■ Exercise directions ■
Among the entries below, find the lines that hold the word "Paris" and report them.

■ ■ ■ ■ ■

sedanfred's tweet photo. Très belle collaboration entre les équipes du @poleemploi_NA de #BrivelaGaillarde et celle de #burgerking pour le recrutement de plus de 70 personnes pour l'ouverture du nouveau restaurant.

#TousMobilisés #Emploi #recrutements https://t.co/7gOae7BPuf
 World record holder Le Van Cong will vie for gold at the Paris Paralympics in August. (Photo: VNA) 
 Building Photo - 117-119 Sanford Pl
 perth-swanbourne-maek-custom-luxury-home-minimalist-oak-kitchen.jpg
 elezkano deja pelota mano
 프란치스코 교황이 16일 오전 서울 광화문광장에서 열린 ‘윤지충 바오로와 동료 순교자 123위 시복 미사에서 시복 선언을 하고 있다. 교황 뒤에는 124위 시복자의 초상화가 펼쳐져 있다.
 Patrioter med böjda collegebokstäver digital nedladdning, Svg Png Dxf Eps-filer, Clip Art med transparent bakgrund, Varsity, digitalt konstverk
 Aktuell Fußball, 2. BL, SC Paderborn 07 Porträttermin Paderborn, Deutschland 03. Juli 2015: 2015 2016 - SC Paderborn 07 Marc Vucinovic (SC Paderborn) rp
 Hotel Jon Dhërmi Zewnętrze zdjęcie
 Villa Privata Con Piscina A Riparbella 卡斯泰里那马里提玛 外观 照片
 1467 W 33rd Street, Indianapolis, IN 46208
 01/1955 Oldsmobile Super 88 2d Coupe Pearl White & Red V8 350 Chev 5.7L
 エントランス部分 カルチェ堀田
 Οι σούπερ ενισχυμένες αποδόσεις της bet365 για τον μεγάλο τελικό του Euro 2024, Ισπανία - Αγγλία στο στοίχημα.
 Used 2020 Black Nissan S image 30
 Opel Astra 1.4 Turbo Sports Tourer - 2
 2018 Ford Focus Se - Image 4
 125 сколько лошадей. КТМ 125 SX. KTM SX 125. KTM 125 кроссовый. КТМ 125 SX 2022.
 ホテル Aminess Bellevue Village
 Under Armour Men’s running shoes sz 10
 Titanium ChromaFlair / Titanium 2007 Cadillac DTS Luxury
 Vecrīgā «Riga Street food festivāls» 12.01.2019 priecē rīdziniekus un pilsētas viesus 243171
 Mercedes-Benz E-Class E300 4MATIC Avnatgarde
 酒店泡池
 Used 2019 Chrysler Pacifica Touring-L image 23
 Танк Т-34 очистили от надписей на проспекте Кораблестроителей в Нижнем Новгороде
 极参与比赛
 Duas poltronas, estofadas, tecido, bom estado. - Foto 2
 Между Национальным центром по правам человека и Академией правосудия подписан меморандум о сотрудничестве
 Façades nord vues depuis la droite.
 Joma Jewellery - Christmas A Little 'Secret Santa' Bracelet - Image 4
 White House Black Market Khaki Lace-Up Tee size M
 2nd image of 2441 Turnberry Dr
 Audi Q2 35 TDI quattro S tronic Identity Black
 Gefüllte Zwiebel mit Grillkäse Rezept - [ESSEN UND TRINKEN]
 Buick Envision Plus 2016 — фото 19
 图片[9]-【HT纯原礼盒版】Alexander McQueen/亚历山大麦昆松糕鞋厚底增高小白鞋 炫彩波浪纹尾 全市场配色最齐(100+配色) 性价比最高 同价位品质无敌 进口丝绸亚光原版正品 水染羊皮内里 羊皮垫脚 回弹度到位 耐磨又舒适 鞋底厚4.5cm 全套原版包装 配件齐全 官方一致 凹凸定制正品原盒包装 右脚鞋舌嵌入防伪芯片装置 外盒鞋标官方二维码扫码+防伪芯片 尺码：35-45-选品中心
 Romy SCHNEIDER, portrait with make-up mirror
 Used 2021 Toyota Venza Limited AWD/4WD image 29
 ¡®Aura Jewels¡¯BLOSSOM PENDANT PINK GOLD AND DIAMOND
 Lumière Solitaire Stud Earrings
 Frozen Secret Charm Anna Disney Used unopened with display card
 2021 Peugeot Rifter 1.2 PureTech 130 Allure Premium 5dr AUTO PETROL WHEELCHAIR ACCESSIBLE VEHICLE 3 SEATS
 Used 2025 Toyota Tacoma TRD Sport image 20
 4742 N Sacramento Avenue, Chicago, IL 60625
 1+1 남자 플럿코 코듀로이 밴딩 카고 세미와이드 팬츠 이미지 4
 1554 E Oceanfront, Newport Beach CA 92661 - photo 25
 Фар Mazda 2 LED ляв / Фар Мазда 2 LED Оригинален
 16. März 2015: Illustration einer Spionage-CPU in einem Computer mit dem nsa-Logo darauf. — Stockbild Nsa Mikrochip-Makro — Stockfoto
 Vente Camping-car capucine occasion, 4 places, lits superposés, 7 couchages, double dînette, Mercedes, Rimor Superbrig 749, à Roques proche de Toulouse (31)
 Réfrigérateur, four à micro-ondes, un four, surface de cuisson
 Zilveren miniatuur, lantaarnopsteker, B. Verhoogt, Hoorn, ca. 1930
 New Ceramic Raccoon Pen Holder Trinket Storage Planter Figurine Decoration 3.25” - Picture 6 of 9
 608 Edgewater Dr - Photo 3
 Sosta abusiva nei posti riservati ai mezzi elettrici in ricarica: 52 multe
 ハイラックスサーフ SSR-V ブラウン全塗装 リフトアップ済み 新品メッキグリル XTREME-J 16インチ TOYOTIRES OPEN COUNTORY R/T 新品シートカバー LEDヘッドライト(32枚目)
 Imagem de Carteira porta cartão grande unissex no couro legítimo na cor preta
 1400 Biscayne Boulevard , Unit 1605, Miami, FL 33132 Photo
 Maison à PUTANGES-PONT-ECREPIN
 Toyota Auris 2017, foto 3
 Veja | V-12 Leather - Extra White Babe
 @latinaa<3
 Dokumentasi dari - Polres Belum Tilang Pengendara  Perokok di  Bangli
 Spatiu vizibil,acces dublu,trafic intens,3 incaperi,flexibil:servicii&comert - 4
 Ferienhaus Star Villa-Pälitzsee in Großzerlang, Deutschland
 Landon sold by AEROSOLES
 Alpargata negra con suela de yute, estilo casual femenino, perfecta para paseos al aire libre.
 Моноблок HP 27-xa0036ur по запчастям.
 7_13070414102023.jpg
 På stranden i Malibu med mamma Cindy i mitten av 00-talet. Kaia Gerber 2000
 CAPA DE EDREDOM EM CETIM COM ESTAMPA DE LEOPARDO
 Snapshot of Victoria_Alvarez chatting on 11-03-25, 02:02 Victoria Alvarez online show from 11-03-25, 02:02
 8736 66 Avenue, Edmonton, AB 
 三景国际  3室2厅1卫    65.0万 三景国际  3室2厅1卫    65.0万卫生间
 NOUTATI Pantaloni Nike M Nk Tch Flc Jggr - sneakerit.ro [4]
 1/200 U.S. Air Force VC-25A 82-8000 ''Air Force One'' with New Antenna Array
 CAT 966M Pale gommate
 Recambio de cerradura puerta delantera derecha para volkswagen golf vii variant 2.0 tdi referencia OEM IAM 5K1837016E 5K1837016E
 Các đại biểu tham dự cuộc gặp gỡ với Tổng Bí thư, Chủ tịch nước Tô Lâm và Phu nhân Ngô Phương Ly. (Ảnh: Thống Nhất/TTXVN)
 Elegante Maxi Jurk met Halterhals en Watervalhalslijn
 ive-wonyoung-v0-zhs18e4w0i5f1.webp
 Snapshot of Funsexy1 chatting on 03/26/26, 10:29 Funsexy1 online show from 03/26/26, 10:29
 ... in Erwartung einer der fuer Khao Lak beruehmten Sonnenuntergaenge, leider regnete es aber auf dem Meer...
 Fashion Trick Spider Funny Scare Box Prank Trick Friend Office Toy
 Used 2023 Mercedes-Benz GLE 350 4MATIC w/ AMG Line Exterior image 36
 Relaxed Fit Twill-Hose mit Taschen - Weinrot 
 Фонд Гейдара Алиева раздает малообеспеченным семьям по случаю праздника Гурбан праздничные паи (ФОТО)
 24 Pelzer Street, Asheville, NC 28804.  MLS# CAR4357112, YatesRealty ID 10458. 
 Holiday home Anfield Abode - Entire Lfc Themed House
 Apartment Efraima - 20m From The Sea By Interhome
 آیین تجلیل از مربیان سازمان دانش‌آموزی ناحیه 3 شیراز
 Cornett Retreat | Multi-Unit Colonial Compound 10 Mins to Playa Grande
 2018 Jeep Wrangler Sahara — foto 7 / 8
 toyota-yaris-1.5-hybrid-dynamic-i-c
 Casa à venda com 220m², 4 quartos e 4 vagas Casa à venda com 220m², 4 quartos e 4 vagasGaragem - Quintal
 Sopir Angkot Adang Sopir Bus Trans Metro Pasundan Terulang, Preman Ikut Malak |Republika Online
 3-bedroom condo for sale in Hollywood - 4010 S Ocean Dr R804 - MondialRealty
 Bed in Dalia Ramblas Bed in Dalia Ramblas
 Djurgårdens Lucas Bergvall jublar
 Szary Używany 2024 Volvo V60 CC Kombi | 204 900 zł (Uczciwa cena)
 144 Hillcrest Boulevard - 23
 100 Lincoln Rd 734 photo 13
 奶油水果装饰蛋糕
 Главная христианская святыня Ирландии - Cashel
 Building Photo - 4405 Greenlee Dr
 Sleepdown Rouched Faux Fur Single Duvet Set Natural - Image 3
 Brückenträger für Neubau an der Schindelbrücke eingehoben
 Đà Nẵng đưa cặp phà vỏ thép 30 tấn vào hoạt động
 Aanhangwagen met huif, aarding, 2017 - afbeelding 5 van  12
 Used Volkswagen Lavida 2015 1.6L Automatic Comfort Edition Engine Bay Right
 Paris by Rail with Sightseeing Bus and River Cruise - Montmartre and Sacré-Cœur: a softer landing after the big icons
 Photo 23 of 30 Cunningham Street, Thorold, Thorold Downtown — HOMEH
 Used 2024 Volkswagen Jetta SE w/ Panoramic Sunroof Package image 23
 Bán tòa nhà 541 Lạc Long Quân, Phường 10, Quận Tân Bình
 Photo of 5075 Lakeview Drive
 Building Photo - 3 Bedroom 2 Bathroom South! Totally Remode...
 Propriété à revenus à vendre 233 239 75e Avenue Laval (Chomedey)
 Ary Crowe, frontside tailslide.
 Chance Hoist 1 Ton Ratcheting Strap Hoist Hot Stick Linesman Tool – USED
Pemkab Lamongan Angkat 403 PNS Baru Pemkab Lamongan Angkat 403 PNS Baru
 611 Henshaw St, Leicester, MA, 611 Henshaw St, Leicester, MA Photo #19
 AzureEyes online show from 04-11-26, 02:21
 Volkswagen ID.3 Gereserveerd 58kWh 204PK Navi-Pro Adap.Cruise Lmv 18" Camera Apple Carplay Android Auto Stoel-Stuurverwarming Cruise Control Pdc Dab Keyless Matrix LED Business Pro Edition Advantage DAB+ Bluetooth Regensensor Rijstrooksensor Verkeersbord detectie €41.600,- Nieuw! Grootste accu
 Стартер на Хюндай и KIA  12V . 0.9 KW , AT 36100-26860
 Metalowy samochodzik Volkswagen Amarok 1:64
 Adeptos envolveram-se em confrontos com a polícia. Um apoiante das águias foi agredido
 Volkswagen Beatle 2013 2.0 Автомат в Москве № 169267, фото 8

■ ■ ■ ■ ■

■ Task answer ■
 World record holder Le Van Cong will vie for gold at the Paris Paralympics in August. (Photo: VNA) 
 Paris by Rail with Sightseeing Bus and River Cruise - Montmartre and Sacré-Cœur: a softer landing after the big icons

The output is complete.